Di negeri ini, hal-hal yang tampaknya sepele bisa menjelma polemik besar. Selembar ijazah atau surat perintah bisa menjadi dasar penyangga kekuasaan, atau sebaliknya---batu sandungan sejarah yang terus diperdebatkan.
Dua presiden Indonesia, dua zaman berbeda, dua jenis dokumen, tapi satu pertanyaan yang sama: benarkah mereka berkuasa secara sah?

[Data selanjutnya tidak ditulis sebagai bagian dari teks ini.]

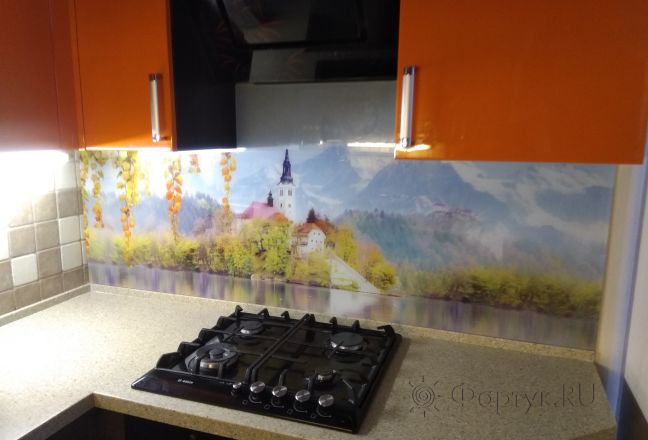 Фартук стекло фото: замок за рекой, заказ #ИНУТ-1095, Оранжевая кухня. Изображение 198536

Babak I: Sebuah Ijazah dan Riuh Demokrasi
Pada masa ketika segala sesuatu bisa diverifikasi melalui internet, media sosial, dan jejak digital, siapa sangka bahwa selembar ijazah kuliah justru menjadi bahan gugatan terhadap Presiden Joko Widodo?
Adalah Bambang Tri Mulyono, seorang penulis buku kontroversial, yang menggugat keabsahan ijazah Jokowi ke Mahkamah Konstitusi. Ia menyebut bahwa Presiden tak pernah menunjukkan ijazah asli secara terbuka.
Namun pihak kampus tak tinggal diam. Dalam konferensi pers pada 12 Oktober 2022, Rektor UGM Prof. Ova Emilia menyatakan dengan tegas:
"Joko Widodo adalah mahasiswa kami di Fakultas Kehutanan dan lulus tahun 1985. Data akademiknya lengkap, mulai dari daftar hadir, nilai kuliah, hingga skripsi."
Sementara itu, dalam putusannya, Mahkamah Konstitusi menyatakan gugatan itu tidak berdasar hukum dan menolaknya seluruhnya.
Namun polemik tak serta-merta surut. Sebab sebagian masyarakat---terutama yang telah menjadi oposan politik---menganggap bahwa tanpa menunjukkan ijazah secara fisik ke publik, maka presiden layak diragukan. Mereka mengutip adagium populer: "Caesar's wife must be above suspicion"---istri Kaisar Romawi harus bebas dari kecurigaan, apalagi sang Kaisar sendiri.
Yang unik, sebagian besar yang menggugat bukan mempertanyakan kualitas kebijakan Jokowi, tapi berfokus pada dokumen administratif. Seakan keabsahan politik bisa diruntuhkan hanya dengan keraguan atas selembar kertas.